The fibrous carbon nanostructures preferably have a ratio (S2/S1) of internal specific surface area S2 relative to total specific surface area S1 obtained from the t-plot of at least 0.05 and not more than 0.30. When the value of S2/S1 of the fibrous carbon nanostructures is within the range set forth above, electrical conductivity of a composite resin material and a shaped product can be increased using a small amount of the fibrous carbon nanostructures, and shaped product mechanical strength can also be improved.
The total specific surface area S1 and the internal specific surface area S2 of the fibrous carbon nanostructures can be determined from the t-plot for the fibrous carbon nanostructures. Specifically, the total specific surface area S1 and external specific surface area S3 can first be determined from the gradient of the linear approximation of process (1) and the gradient of the linear approximation of process (3), respectively. The internal specific surface area S2 can then be calculated by subtracting the external specific surface area S3 from the total specific surface area S1.
Measurement of an adsorption isotherm of the fibrous carbon nanostructures, preparation of a t-plot, and calculation of total specific surface area S1 and internal specific surface area S2 based on t-plot analysis can be performed, for example, using a BELSORP®-mini (BELSORP is a registered trademark in Japan, other countries, or both), which is a commercially available measurement apparatus produced by Bel Japan Inc.

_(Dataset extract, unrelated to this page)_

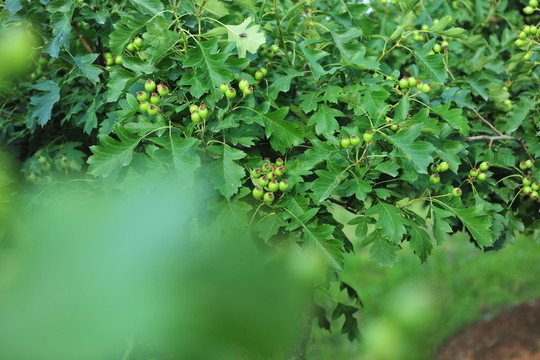 山楂樹 果樹 果園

Moreover, it is preferable that the fibrous carbon nanostructures including CNTs that are preferable as the fibrous carbon nanostructures have a radial breathing mode (RBM) peak when evaluated by Raman spectroscopy. It should be noted that an RBM is not present in the Raman spectrum of fibrous carbon nanostructures composed only of multi-walled carbon nanotubes having three or more walls.
In a Raman spectrum of the fibrous carbon nanostructures including CNTs, a ratio of G band peak intensity relative to D band peak intensity (G/D ratio) is preferably at least 0.5 and not more than 5.0. Performance of a produced composite resin material and shaped product can be further improved when the G/D ratio is at least 0.5 and not more than 5.0.
The fibrous carbon nanostructures including CNTs can be produced by a known CNT synthetic method such as arc discharge, laser ablation, or chemical vapor deposition (CVD) without any specific limitations. Specifically, the fibrous carbon nanostructures including CNTs can, for example, be efficiently produced in accordance with a method in which, during synthesis of CNTs through chemical vapor deposition (CVD) by supplying a feedstock compound and a carrier gas onto a substrate having a catalyst layer for carbon nanotube production at the surface thereof, a trace amount of an oxidizing agent (catalyst activating material) is provided in the system to dramatically improve the catalytic activity of the catalyst layer (super growth method; refer to WO 2006/011655 A1). Hereinafter, carbon nanotubes that are obtained by the super growth method are also referred to as “SGCNTs”.
The fibrous carbon nanostructures produced by the super growth method may be composed of only SGCNTs or may include other carbon nanostructures such as non-cylindrical carbon nanostructures in addition to SGCNTs.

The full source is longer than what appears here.